Realiti is a Malaysian television series starring Chelsia Ng, Ashraf Sinclair, Melissa Maureen, Alvin Wong, Azizan Nin, Radhi Khalid and Maria Farida. It is produced by Ng Ping Ho under Popiah Pictures. Its first season which was aired on 8TV, having run from 3 September to 5 November 2006.

==Plot==
This drama series revolves 5 contestants of the fictional Idol-styled television singing contest called Malaysian Star. Former rock star Mac assumes responsibility as the vocal coach for the contestants, Amir, Melody, Burn, Nickson, and Baby. The story also depicts the hard path which the contestants take to become the champion of a competition. Each of them has their deep secret, dark past and complicated background. Only one of them would emerge winner.

==Cast==

===Malaysian Star contestants===
- Amir (Zizan Nin) – he started out as a bellboy and a lounge performer in the hotel in which the Malaysian Star contestants stayed. After one of the original five contestants fainted while performing live on stage and declined to continue her journey in the competition, an emergency audition was held to find a replacement and he was eventually selected to replace her, though in a less conventional way. Amir comes from a village in Kedah and left for Kuala Lumpur after being estranged with his family. Being not fluent in English, Amir does have problems carrying English songs. Amir is notably a fan of OAG, oft-seen singing the band's songs in the series.
- Melody Yeoh (Chelsia Ng) – Hailing from Penang, touted as the contestant with the best vocals, she is not happy with the path she was forced to take by her father, who is a vocal coach himself. She was induced to musical and singing skills the different way from other youths, which made her fellow schoolmates astonished by her ignorance of Britney Spears (as expressed in one episode).
- Burn Ramli (Ashraf Sinclair) – the hip-hop boy from Petaling Jaya who stood out amongst the contestants with his charm toward young female fans, yet he has an aggressive, brawl-inclined character which threatens to put him and his image into trouble. He mixed with other hip-hop-imaged youths who turned out to be drug dealers.
- Nickson Wong (Alvin Wong) – a male hairstylist from Kuala Lumpur with an explicitly girlish personality. Although looking smiley most of the time, he suffers from domestic problems, in which his father has been abusive towards his mother.
- Baby (Melissa Maureen) – also from Kuala Lumpur, an ex-fashion model who attracts fans with her popular establishment and pretty looks. Again, behind all this glam is a dark secret and complicated past that she has been striving to hide from the public eyes and ears — it was later known that she gave birth to a child outside the wedlock.
- Jessie (Celina Khor) — the original fifth contestant, who fainted on-stage during the starlet's first performance, and was eventually replaced by Amir.

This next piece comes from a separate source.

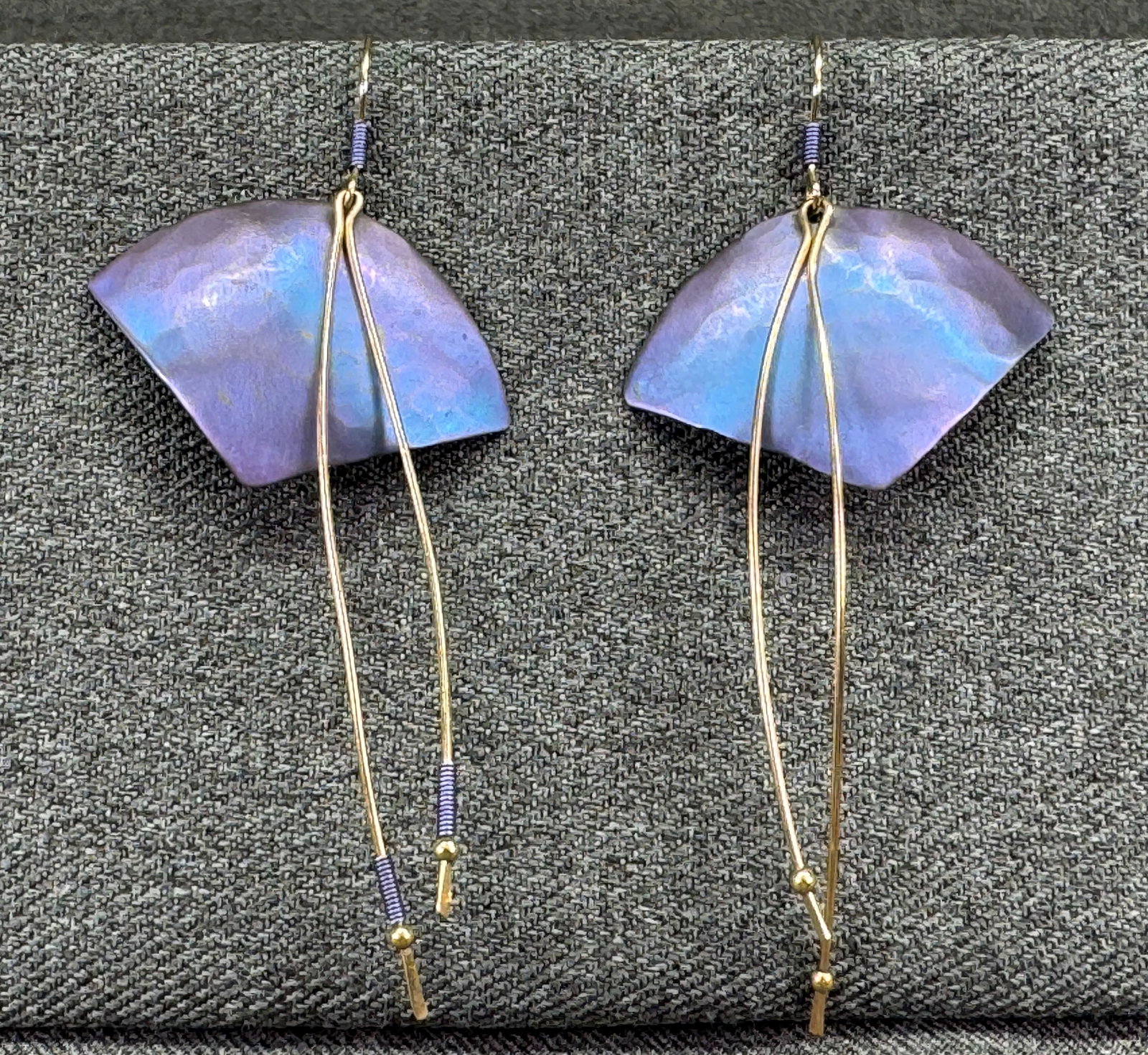 Vintage 1980s Holly Yashi Niobium Fan Earrings. *h: Vintage 1980s Holly Yashi Niobium Fan Earrings. Original Unsigned Design. For measures please refer to the pictures taken with a measuring tape. Weight: 5 Grams. IN HOUSE FLAT SHIPPING & HANDLING COST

===Malaysian Star Crew and Proxies===
- Mac (Radhi Khalid) – he was a rock star in the 1980s, now he lands a tough job as the vocal coach of the Malaysian Star. His strict disciplinarian approach made him compared to a drill sergeant in the military infantry, as said by Burn in the series.
- Jay (Nazrudin Rahman) – the scheming producer of the contest and manager of Rock Records. In the series he had expressed a wish to set up his own record company and whisk one of the contestants into that new label.
- Malaysian Star Host (Aishah Sinclair) – self-explanatory.
- Pop TV Host (Juliana Ibrahim) – in the show, her job is to interview the participants and members of the public on the streets for comments about the show, as well as assistant host in studio.
- Malaysian Star judges
  - FlyGuy
  - Bernie Chan (only appears during the emergency auditions)
  - Carmen Soo
  - Phat Fabes (only appears during the Showdowns)
- Wahida (Maria Farida) – a tabloid reporter who seems aggressive and only wants to scoop on controversial issues pertaining to the contest and its participants, yet she has a kind heart

===The contestants' family and friends===
- David Yeoh (Kee Thuan Chye) – Melody's father, a vocal trainer who pushes his daughter to pursue a musical career against her will.
- Dayang (Lydia Ibtisam) – Amir's flame while working in the hotel, whose relationship with him falls apart gradually since he joined Malaysian Star.
- Calvin (Gambit Saifullah) – a close aide of Nickson, with whom he paired up to form a musical group and compose together. The duo have themselves accused of being gay while caught by the reporters and photographers holding hands in a rather "uncouth" manner.
- Fazrina (Cheyenne Stutzriem) – Baby's "niece" who really is Baby's child born out of the wedlock. The girl is under the custody of one of Baby's friends.
- Joe (Reefa) – Burn's hip-hopping fellow with a shady background. Toward the end of season one he was found out to be a drug trafficker who once sold to Melody, finding out which Burn brawled and broke up with him.

==Episodes==

===Season 1===
1. Episode 1 (aired 3 September 2006)
Five contestants of the singing competition Malaysian Star face the reality that if they want to be stars, they have to behave like one whatever their personal problems are. On their first 'live' performance, one of them fainted on stage and eventually declined to continue her journey.
1. Episode 2 (aired 10 September 2006)
An emergency audition was held to look for a replacement in the competition, and eventually Amir was selected, yet in an unexpected manner. Burn's rebellious streak begins to show, Baby and Melody fight, and all this under a reporter's prying eye.
1. Episode 3 (aired 17 September 2006)
It's time to meet the fans, but the five contestants learn that fame has its price. Melody and Burn find each other pleasant distractions, Amir's willingness to help gets him in trouble with Dayang, and Baby meets a face from her past.
1. Episode 4 (aired 24 September 2006)
While the contestants strut their stuff for a photoshoot, Amir runs back to his kampung. Jay, a producer with Malaysian Star, tries to spin the story to the show's advantage. Meanwhile, Baby does her best to convince a photographer to put her on the cover and Burn tries to get Melody to come out of her shell.
1. Episode 5 (aired 1 October 2006)
The contestants are to perform an unplugged concert, but it is overshadowed when Baby gets a poison pen letter. Amir's confidence takes a blow when he has to perform an English song, Nickson argues with Calvin about how he should present himself. Meanwhile, Melody and Burn get even more drawn to one another.
1. Episode 6 (aired 8 October 2006)
It's only a week until the first Malaysian Star showdown, but the contestants have more than just elimination on their minds. Baby has to contend with a blackmail letter from someone who knows a secret from her past, Burn discovers Melody's dependence on drugs and Nickson's mum sets him up on a blind date.
1. Episode 7 (aired 15 October 2006)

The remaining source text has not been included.